Criterion Review: PETITE MAMAN

Petite Maman topped my best films list for 2021, and I wasn’t alone; several critics groups placed it high on their lists for that year. Now Céline Sciamma’s quiet follow-up to her award-winning Portrait of a Lady on Fire is being released from Criterion in an amazing package. It’s a must have for any fan of the French filmmaker or anyone who adored the film.

Set in an unknown time within the past 35 years – there are modern looking vehicles, but no smartphones to be seen – a small family grieves the recent death of a grandmother. Eight-year-old Nelly (Joséphine Sanz) bids farewell to her grandmother’s neighbors in the nursing home as her mother (Nina Meurisse, Camille) removes personal items from a room.

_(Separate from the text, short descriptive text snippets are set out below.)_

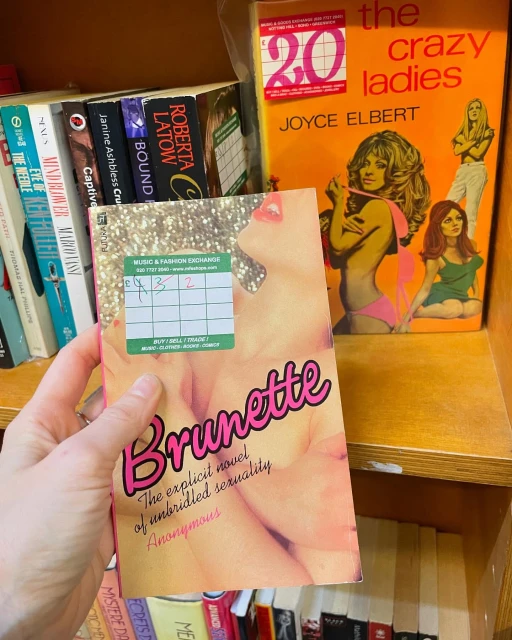 Close-up of a hand holding the book 'Brunette' in front of a shelf of books at Music & Fashion Exchange bookstore.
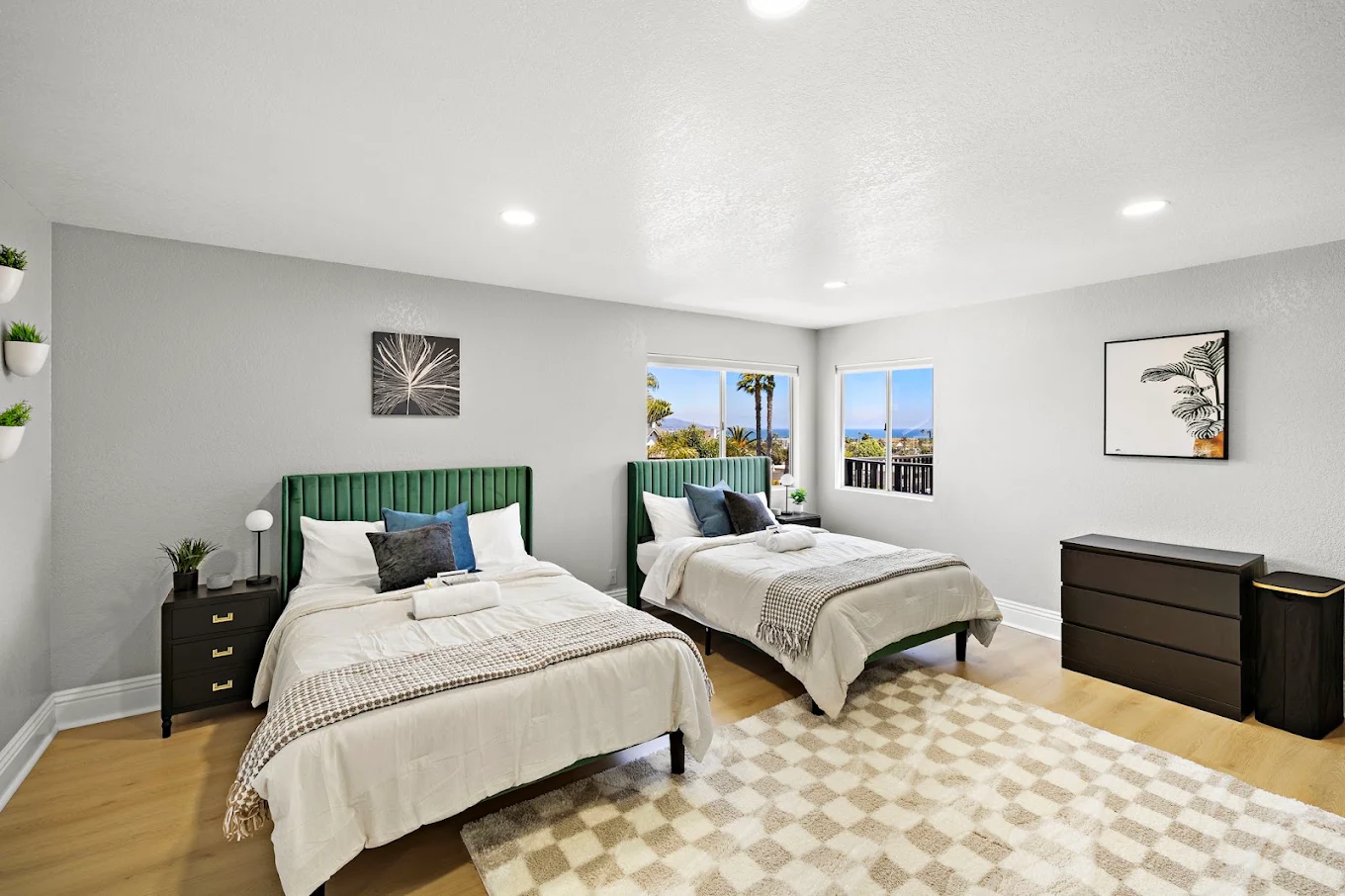 Shared bedroom with two beds and ocean views from windows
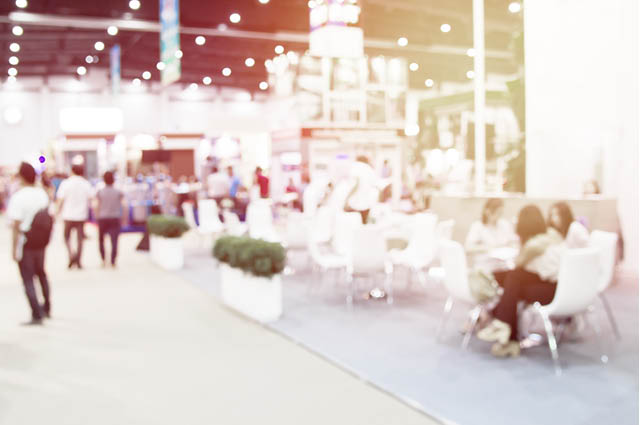 A blurred image of people sitting and standing in a brightly lit indoor event or exhibition space, with tables, chairs, and decorative plants visible.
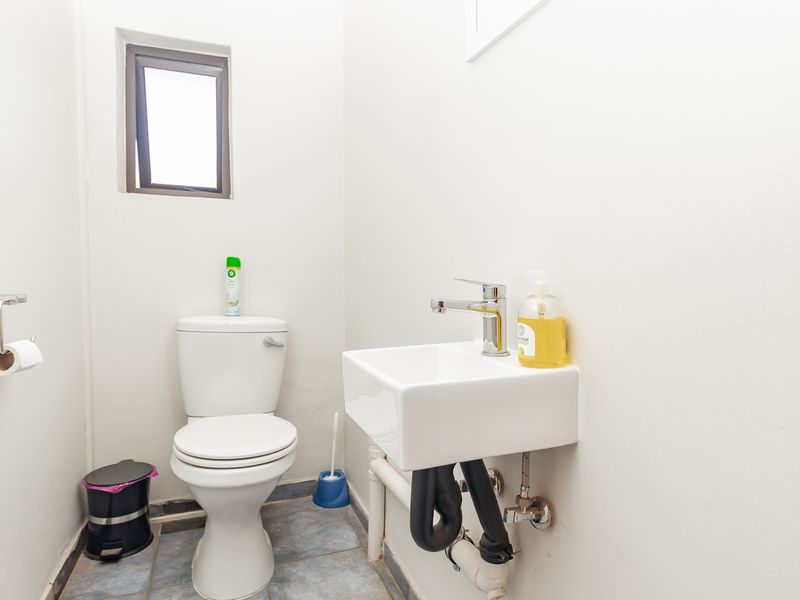 A compact office restroom featuring a white toilet, wall-mounted basin with chrome mixer tap, and tiled flooring.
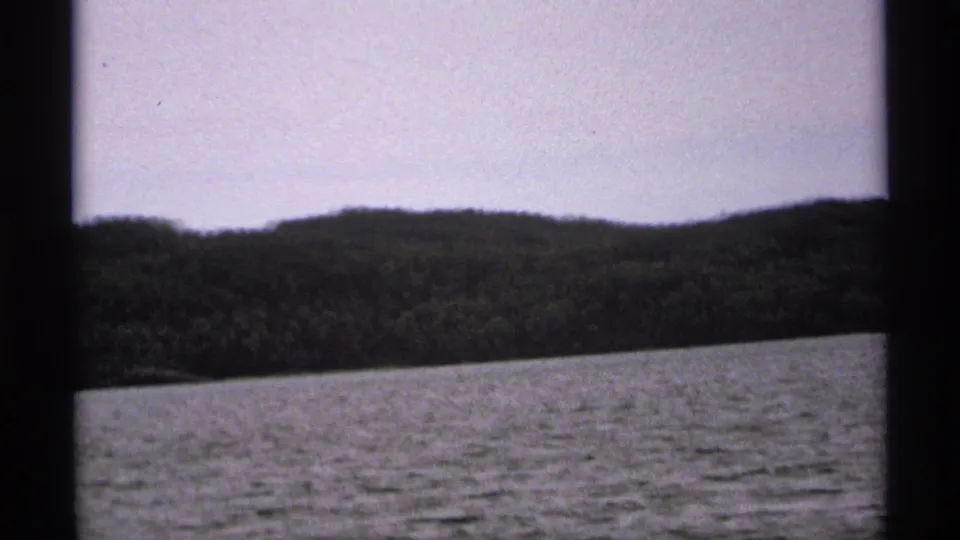 1971 Isle Royale 8mm view of rippled lake water below a dark wooded shore and softly exposed sky.
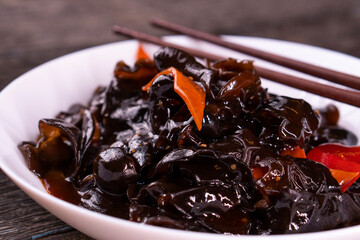 Wood ear mushrooms with vegetables on dark background. vegan food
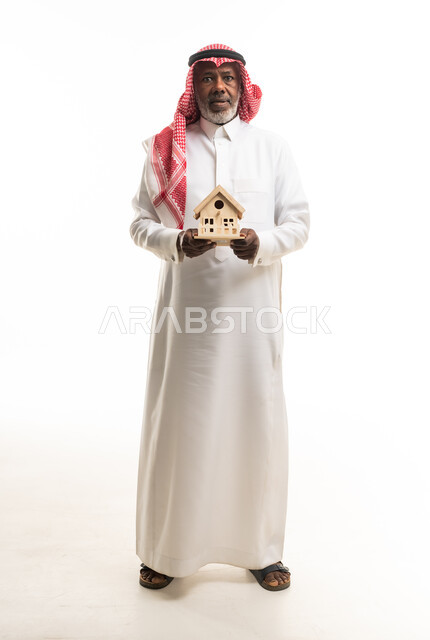 رجل سعودي مسن يحمل مجسم منزل خشبي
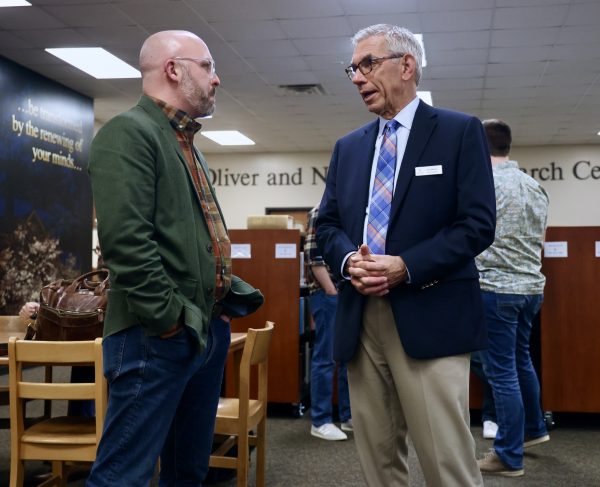 Jim Martin, right, vice president of Harding School of Theology in Memphis, Tenn., chats with Garrett Best, an alumnus who serves as chair of the Department of Bible and Ministry at York University in Nebraska.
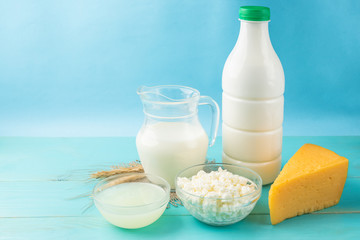 Dairy products. Milk, kefir, cottage cheese, cheese and whey on blue wooden background.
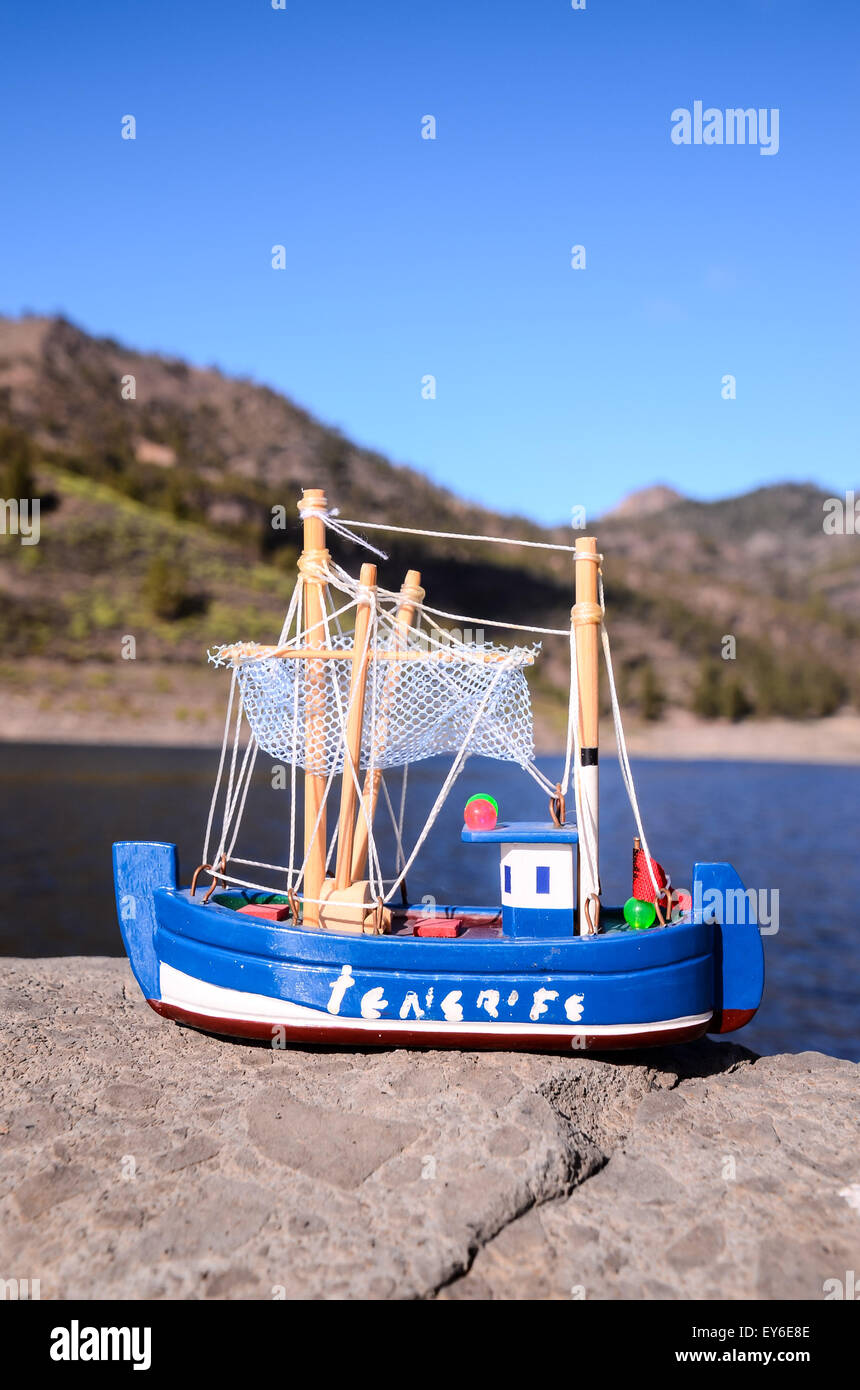 Blue Fishing Boat Figurine Stock Photo - Alamy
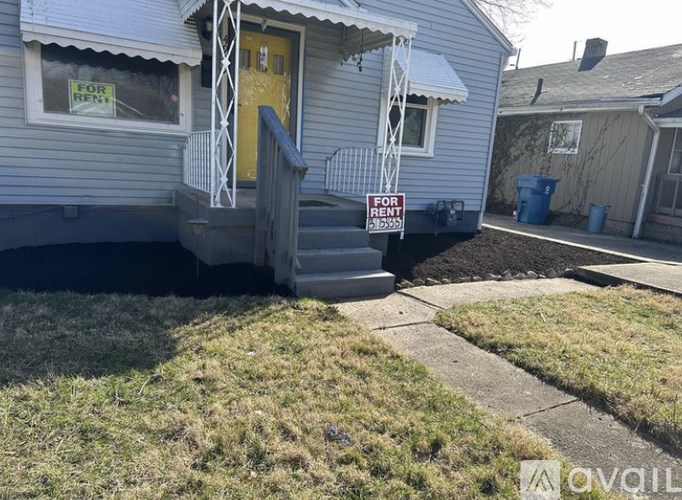 A house with a "For Rent" sign in front of it.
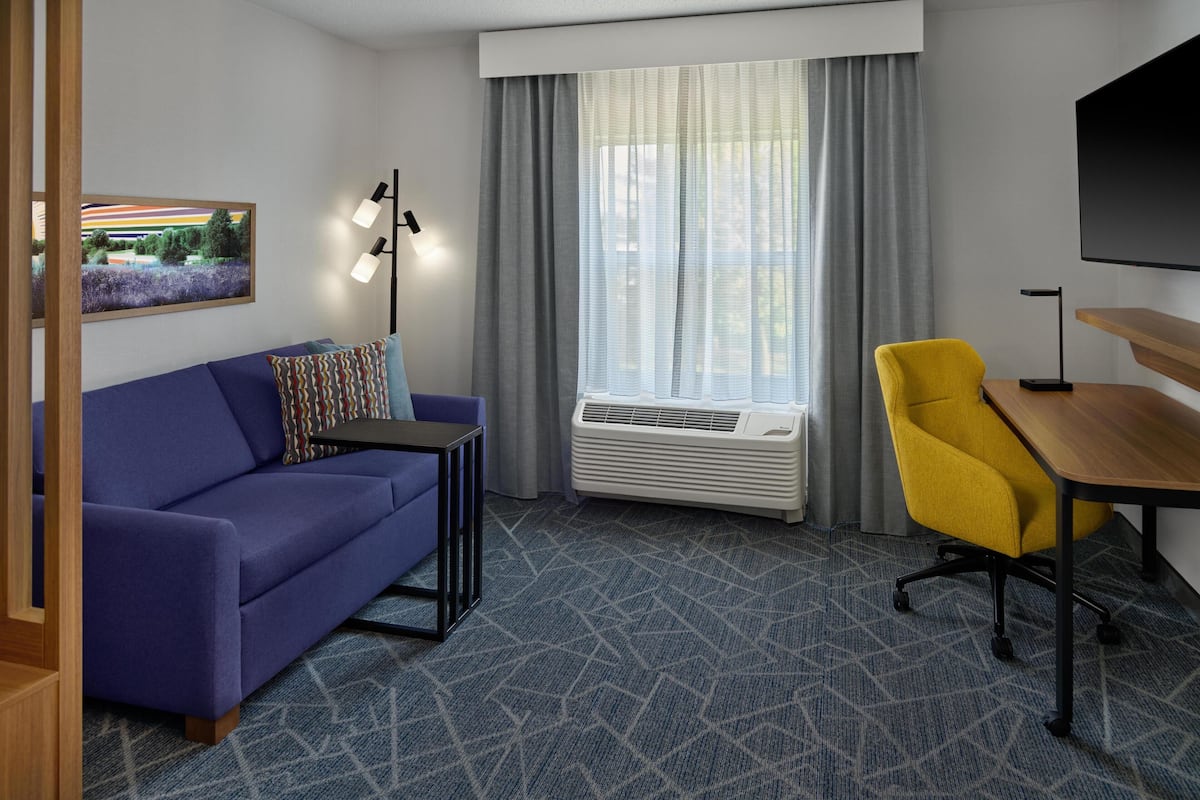 A hotel room with a blue sofa, a yellow chair, a small table, a mounted TV, and a large window with curtains.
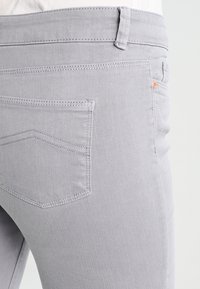 Lichtgrijze denim jeans met een standaard achterzakontwerp, opvallende stiksels en een kleine koperen accent nabij de tailleband.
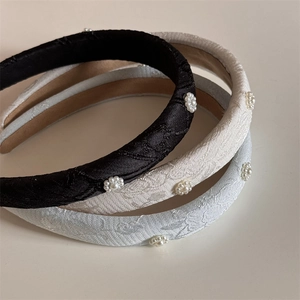 Detailed view of three sponge headbands with floral pearl embroidery and jacquard fabric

We see Nelly caring for her grieving mom, feeding her chips from the back seat of a car, softly hugging her neck from behind.

Once they come to her mom’s childhood home, the loss becomes too overwhelming and Nelly and her dad (Stéphane Varupenne, Godard Mon Amour) are left behind to pack up. Nelly wonders if her mother’s departure is temporary or permanent but finds ways to play on her own in the woods behind the house. And there is where she meets young Marion (Gabrielle Sanz), building a tree fort exactly where Nelly’s mom told her she once had.

Sciamma incorporates time travel in the gentlest of ways; there’s no discussion of future repercussions or foreboding feelings. The woods behind grandmother’s house become a portal, with no special effects involved besides seamless editing work by Julien Lacheray (Girlhood, Portrait of a Lady on Fire). Nelly comes to know her mom as a girl and can say a true farewell to her grandmother. The girls construct a fort, make crepes together, play board games, and act out stories together. Imagination and wonder are as central to this family drama as grief and memory.

Petite Maman is a tender, contemplative film. The casting of twins adds to the magic of the storytelling. On the surface the story may seem simple, but the work delves into complex emotions. It’s a film that allows one to appreciate or notice something new with each viewing.

The new director-approved Criterion BluRay includes:

  • trailers for the film
  • My Life as a Zucchini, the 2016 animated feature that Céline Sciamma co-wrote
  • a frank, moving conversation between Sciamma and director Joachim Trier. They discuss the creation of mythology within Petite Maman. Sciamma talks about the 25-day shoot and filming in her hometown. Sciamma comments on working with joy, “I don’t think cinema should be a sacrifice.” After the success of Portrait, she tells Trier, “I don’t want to live that experience again…I’ve done this thing and now I can do differently.” They also touch on COVID’s impact on when Petite Maman was made and the director’s collaboration with composer Para One on the choral piece within the film. This is probably one of the most insightful filmmaker conversations I’ve seen in a Criterion package.